How long until I can bottle?
I'm on my first brew, I used a Brewer's Best kit (Cream Ale) and tranfered from the primary to the secondary after one week. It looks and smells good. The OG and the FG measurement at transfer time was right where they said it should be. My question is how long does it really need to be in the secondary before I can bottle and how long after I bottle can I chill and drink? Being my first batch, I can't wait to actually taste what the hell I created.

I know, I know...patience!

Thanks in advance.

Ramitt 11-09-2011 01:53 AM

3 weeks @70 is the standard for bottle conditioning moderate and low gravity beers from what I gather and 2-3 weeks fementation is a safe bet.

nrock74 11-09-2011 01:54 AM

Rule I use is one week in primary (depends on hydro reading), two weeks in secondary, bottle, wait 2 weeks to drink....even though I break down and try 1 after one week in the bottle. Sometimes it takes up to 3 to lose the sugary taste from the priming sugar.

jaycount 11-09-2011 01:54 AM

I suggest a minimum of 3 weeks in the fermenter(s) before bottling then another 2-3 weeks (at least) before chilling and drinking.

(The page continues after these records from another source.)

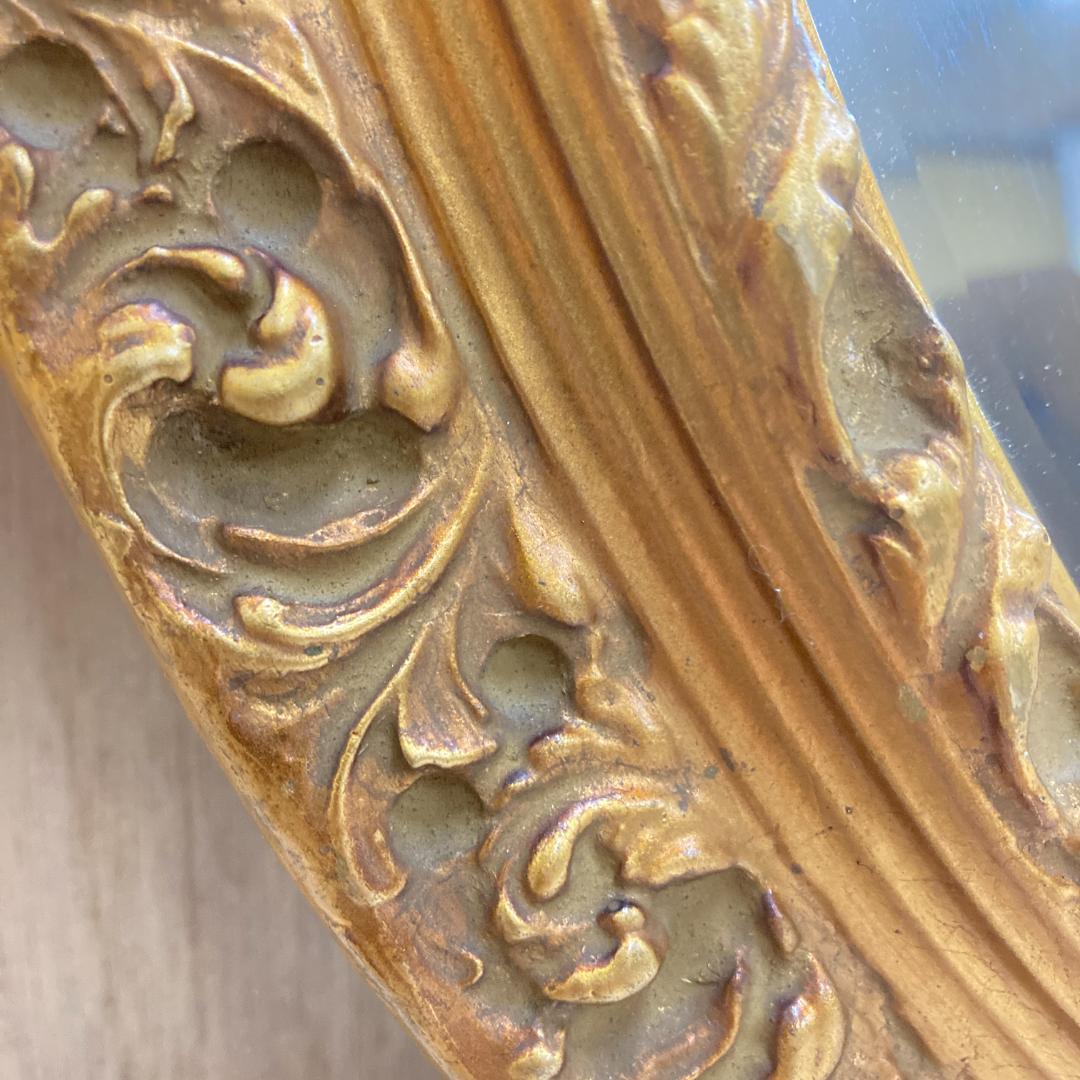 アンティーク調　エレガント　彫刻　ウォールミラー　壁掛け　鏡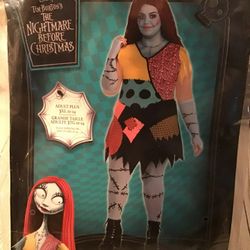 Disney Nightmare Before Christmas Sally Adult Costume Size 3XL -NEW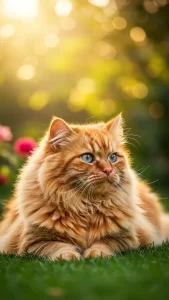 خلفيات قطط هملايا شقراء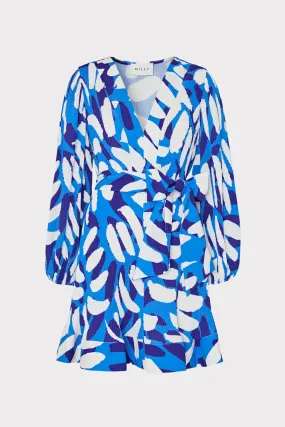 Liv Brushstroke Pleated Dress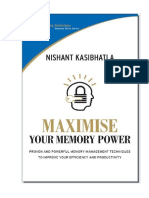 Maximise Your Memory Power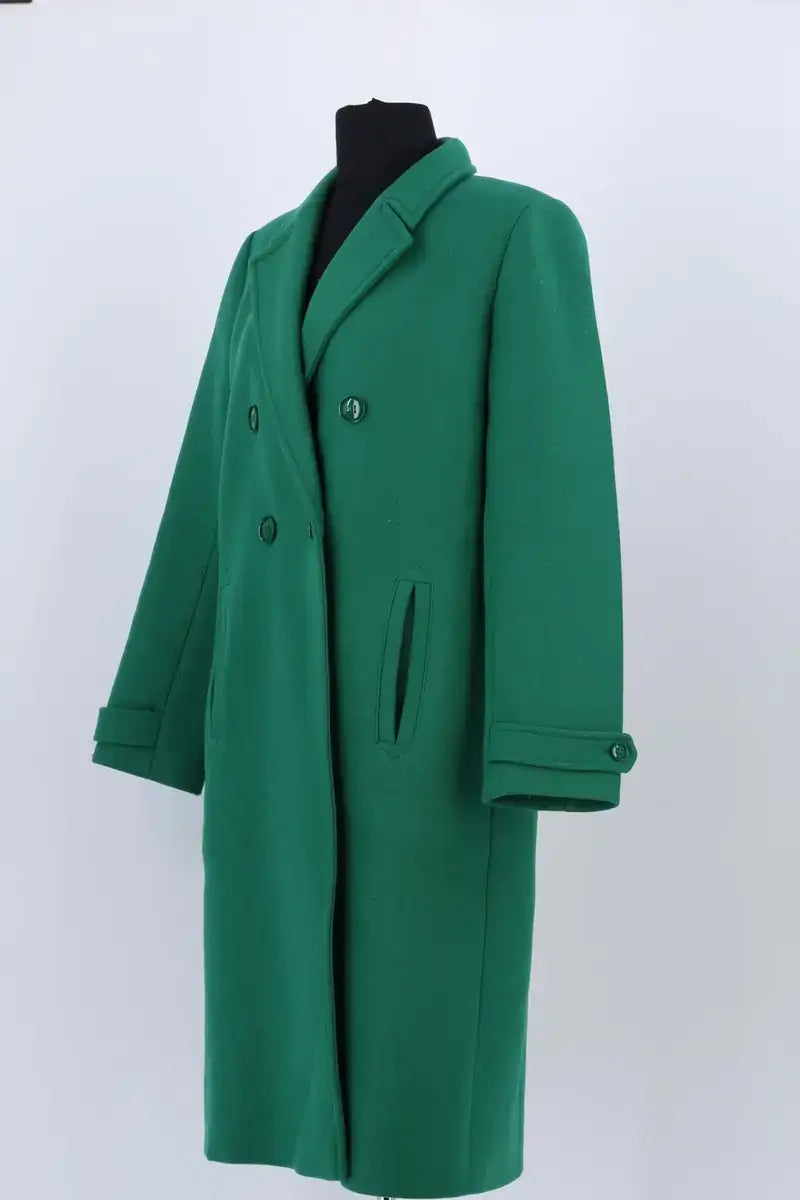 Manteau Tara Jarmon Vert en Laine
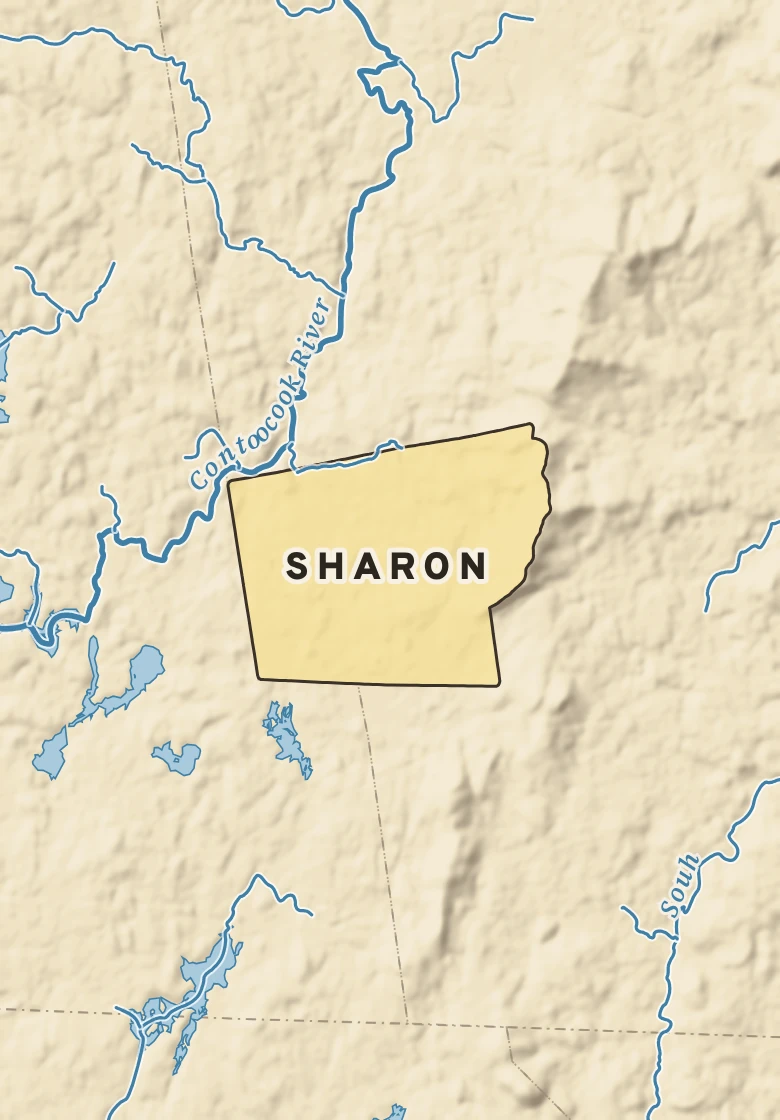 Atlas plate of Sharon, New Hampshire.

There's a million threads out there about this. Try searching for stuff like this, I've found pretty much any question I ever have has already been answered. This place is a library!

Also, I hope you have better luck on the BB Cream Ale. It was my first kit and didn't come out well, but I fermented far too warm (75ish F degrees ambient).

Revvy 11-09-2011 02:00 AM

My beers get bottled a minimum of 1 month after I pitch my yeast. 95% of my beers stay in primary....The other 5 percent, the ones that I rack to secondary if I am adding oak, or fruit, get transferred to secondary at around the two week mark, and stay for a minimum of another 2 weeks....

You'll find that if you throw out your kit instructions and leave your beer alone for around a month, that it will greatly improve, especially if you allow prolonged contact in primary with the fermentation yeast.

John Palmer talks about it in How to Brew.


Leaving an ale beer in the primary fermentor for a total of 2-3 weeks (instead of just the one week most kits recommend), will provide time for the conditioning reactions and improve the beer. This extra time will also let more sediment settle out before bottling, resulting in a clearer beer and easier pouring. And, three weeks in the primary fermentor is usually not enough time for off-flavors to occur.
If you haven't read the discusion in here, I suggest you do. This topic has pretty much been done to death there. http://www.homebrewtalk.com/f163/sec...-weigh-176837/

SInce you already racked, I'd leave it a minimum of 2 weeks, more like three.

Your beer will thank you.

bjl110 11-09-2011 02:03 AM

As you can see, most people say 3 weeks minimum. However, I bottled a low grav blond on day 9 and it was delicious. In fact, until this most recent batch, it was my best beer to date. If it is low grav and not too roasty, you can push it, but you will probably have a better product if you dont. Just make sure you've reached terminal gravity (use your hydrometer!). Don't want any bottle bombs!